I’d like to share a preprint titled “Opaque prior distributions in Bayesian latent variable models”, which describes situations where prior distributions behave in ways that many users would not expect. This can especially cause problems for reproducibility and for some model assessment metrics.
We are currently working on revising the paper, so we would appreciate comments, criticisms, relevant literature that we missed, etc.
We could instead place priors on individual parameters within the covariance matrix, but, when we build a covariance matrix using these parameters, the resulting matrix will sometimes be non-positive definite. We elaborate on these issues below.
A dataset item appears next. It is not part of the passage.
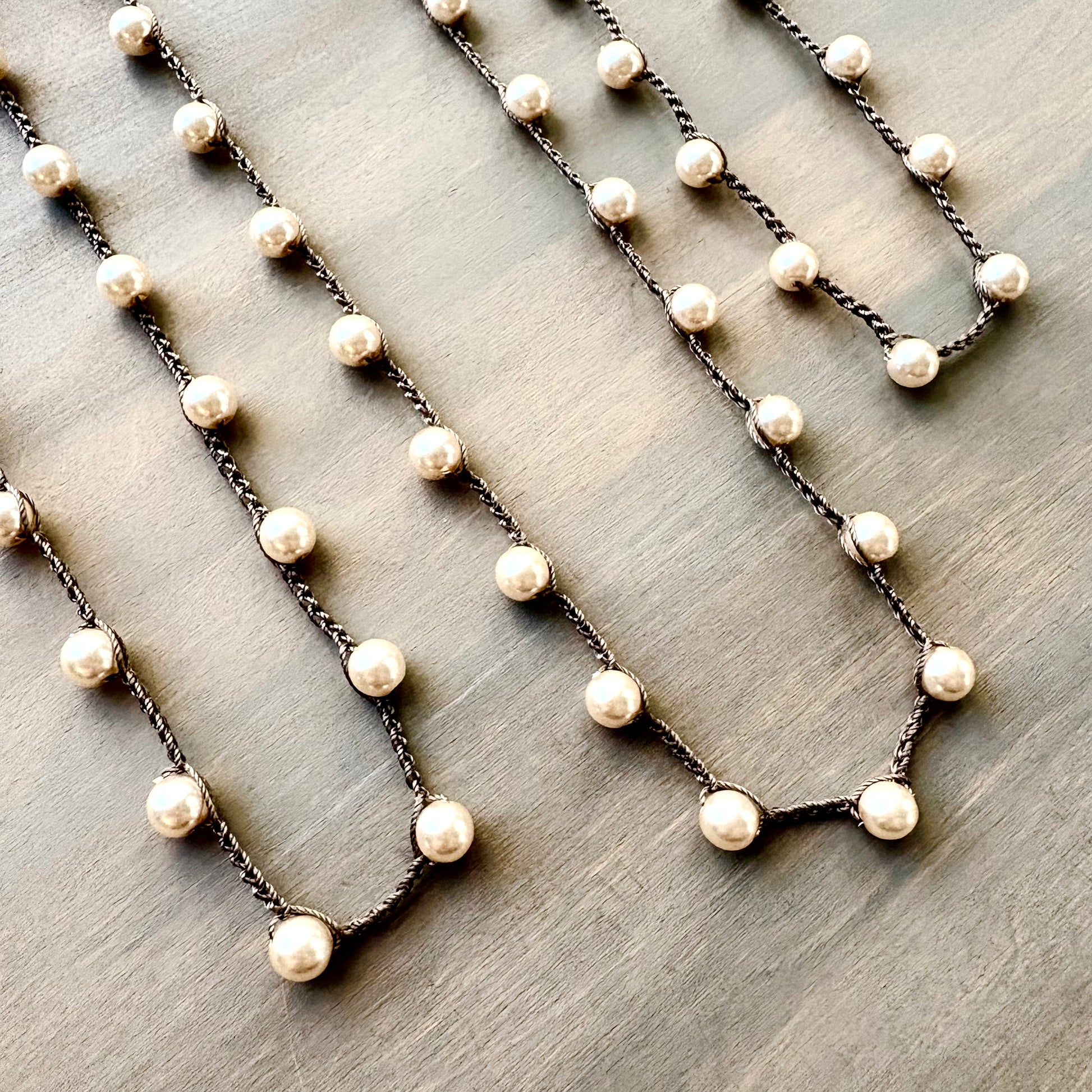 Necklaces with pearl-like beads on a wooden surface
The way Stan works, when you declare
parameters {
cov_matrix[K] Sigma;
}
then Sigma will always be positive definite (up to numerical precision) and uniformly distributed. We use a Cholesky factor under the hood with log transformed diagonals. But by the time you get to the model block, you have a positive-definite Sigma on which you can place an additional prior. You can even add a Wishart prior and then additional prior terms—Stan only needs to know the prior up to a normalizing constant, so it’s OK to do something like this:
Thanks, we had overlooked that cov_matrix already starts you out with a positive definite matrix!
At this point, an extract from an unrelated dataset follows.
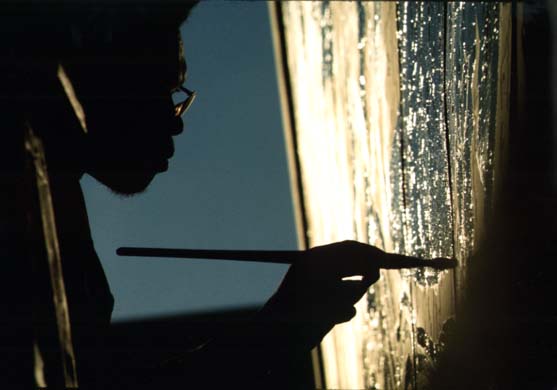Artist Ron Blackburn painting an outdoor wall mural at the corner of 33rd and Giles Streets in Chicago. October 1973 (NWDNS-412-DA-13776)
I worry a bit about replacing a hard constraint with a soft constraint. It seems that, if you have enough data, the normal(0, 0.1) prior becomes weaker and you may end up with a posterior that is far from the equality constraint that you intended. Maybe a solution is to use a prior like normal(0, 0.1/sqrt(n)).
Of course, if the posterior is far from 0, it indicates that the equality constraint was not reasonable in the first place. But the traditional psychometric approach is to fit one model with equality constraints, one model without equality constraints, and compare them.
Thank you for sharing your preprint! We are eager to hear what others think of it. In particular, we would love to know how they view the implications of opaque prior distributions on Bayesian latent variable models and what methods they recommend to address this issue. We also invite people to provide any suggestions they have on ways to improve the paper and to point us to any relevant literature we may have missed. We very much appreciate all feedback!